My wife replied to an advert (It caught her attention as it was quiet and understated) by a firm who said they could get our PPI payments back.

They did. Well, are doing, as they have just got us a cheque for £5,000 in compensation! And there might be more to come!:smthumbup:


----------



## TBT (Dec 20, 2011)

Matt,for the unenlightened what is PPI?


----------



## Cosmos (May 4, 2012)

Thanks, MattMatt. You've just reminded me that I need to get my claim in, too.


----------



## MattMatt (May 19, 2012)

TBT said:


> Matt,for the unenlightened what is PPI?

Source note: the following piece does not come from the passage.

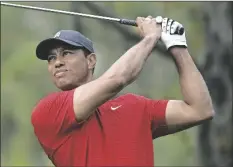  ?? PHOTO/ PHELAN M. EBENHACK
AP ?? Tiger Woods watches his tee shot on the fourth hole during the final round of the PNC Championsh­ip golf tournament Dec. 20, 2020, in Orlando, Fla. Woods posted a video on social media Nov. 21 of him swinging a wedge for the first time since badly injuring his right leg in a Feb. 23 car accident in Los Angeles.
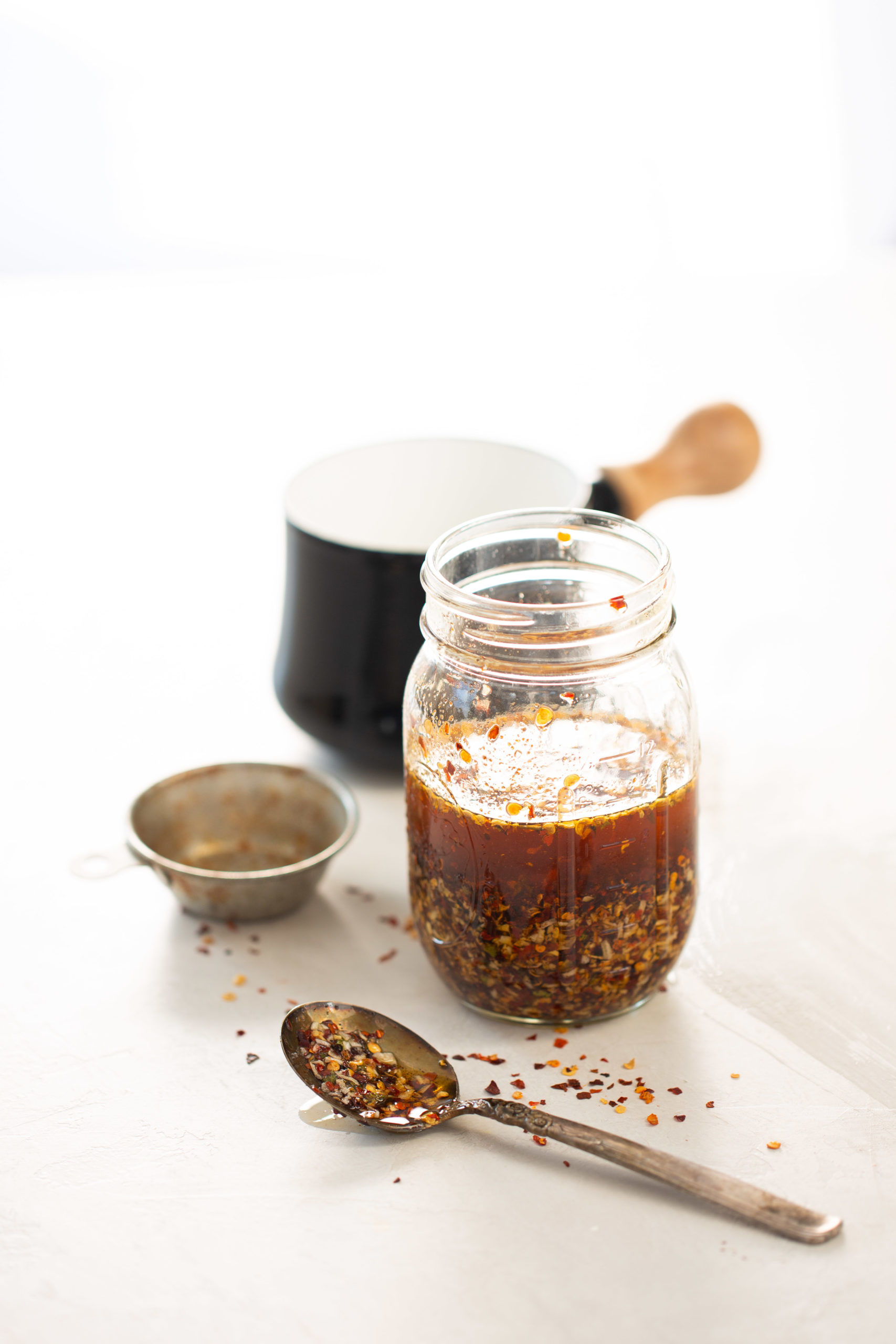 Sobre una superficie blanca hay un frasco de vidrio repleto de aceite picante de chile crujiente, acompañado de un colador de metal y una cuchara cargada de hojuelas de chile vibrantes. En el fondo suavemente difuminado, una taza negra con asa de madera realza esta atractiva escena de cocina centrada en delicias caseras.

Sorry! Personal Protection Insurance.

Although in theory this is good, many banks took the p*ss and sold useless policies at inflated prices.


----------



## Cosmos (May 4, 2012)

MattMatt, did you do the claim yourself, or did you use one of the many firms that are currently advertising to process these claims?


----------



## anonymouskitty (Jun 5, 2012)

You can do it yourself for free.
A few claims companies charge an upfront fee as well as a win fee. Beware if you are going to do this – never pay upfront, stick with no win, no fee.


----------



## Cosmos (May 4, 2012)

Thanks, Anonymouskitty


----------



## MattMatt (May 19, 2012)

anonymouskitty said:


> You can do it yourself for free.
> A few claims companies charge an upfront fee as well as a win fee. Beware if you are going to do this – never pay upfront, stick with no win, no fee.

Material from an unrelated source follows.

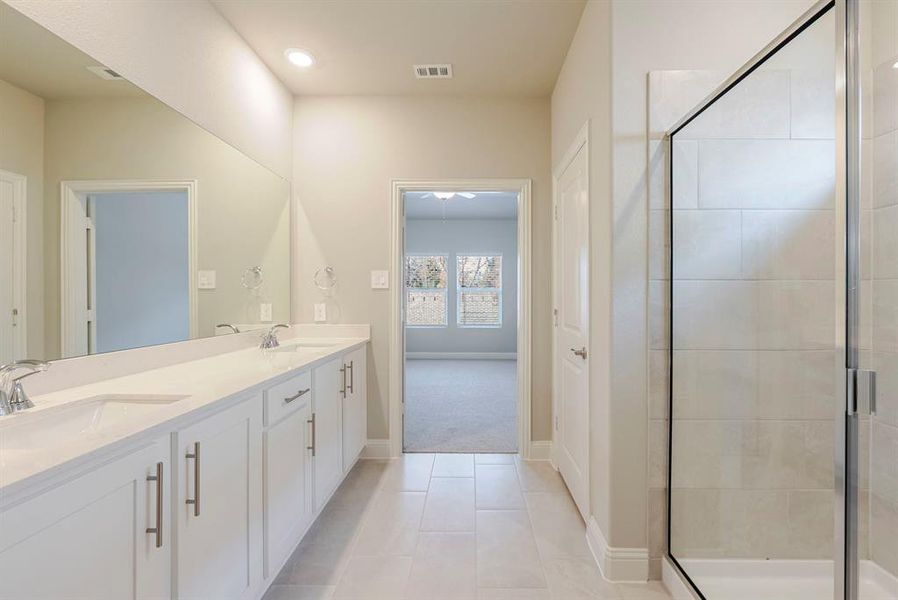 Full bathroom featuring double vanity, a shower stall, light tile patterned floors, and recessed lighting Full bathroom featuring double vanity, a shower stall, light tile patterned floors, and recessed lighting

We approached the banks direct. They put road blocks up. They could not help us. They said. Well, actually, the cheeky bu**ers actually said they could help us with our financial problem by selling us a new loan!! 

We contacted a delightful young lady who sorted multiple claims out for us and got the first cheque for us within 8 weeks. Even though the bank told us we were entitled to nothing.

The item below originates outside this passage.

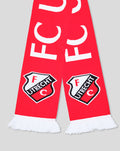 Close up of red FC Utrecht scarf showing bold white UTRECHT letters and crest near the ends, white fringe.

Yes, you can try to do it on your own. But my wife found someone who does no win, no fee work. And she does work for her money. She was able to spot when the bank were trying to trick us and dealt with that.


----------



## Cosmos (May 4, 2012)

Yes, I think I'll go the No Win No fee route, too, MattMatt.


----------



## Dollystanford (Mar 14, 2012)

I haven't had PPI for years and yet I still get three calls a day offering to get me my money back....have you actually got the money? What PPI did you get??


----------



## YellowRoses (Jun 2, 2012)

I even get texts with a specific amount I am 'owed' - £3340 !

Never taken PPI in my life

Go to MSE website - there is a guide including letter templates to DIY this. No need to pay anyone


----------



## anonymouskitty (Jun 5, 2012)

Dollystanford said:


> I haven't had PPI for years and yet I still get three calls a day offering to get me my money back....have you actually got the money? What PPI did you get??


If the firm, or the FOS , agree that you were mis-sold the insurance, you should get back all the premiums you have paid, with interest added.


If you weren't mis-sold the policy in the first instance but were screwed over subsequently when you went to cancel the cover, if you cancelled a single premium policy, the firm should give you a "FAIR" refund. If you feel that the refund wasn't fair, challenge it (oh bloody bother !!)


----------



## Mario Kempes (Jun 12, 2010)

Irish banks screwed people over also and there's a lot of compensation coming down the line.

They were the most lightly regulated banks in the world and made the most of it. But that's a story for another day....


----------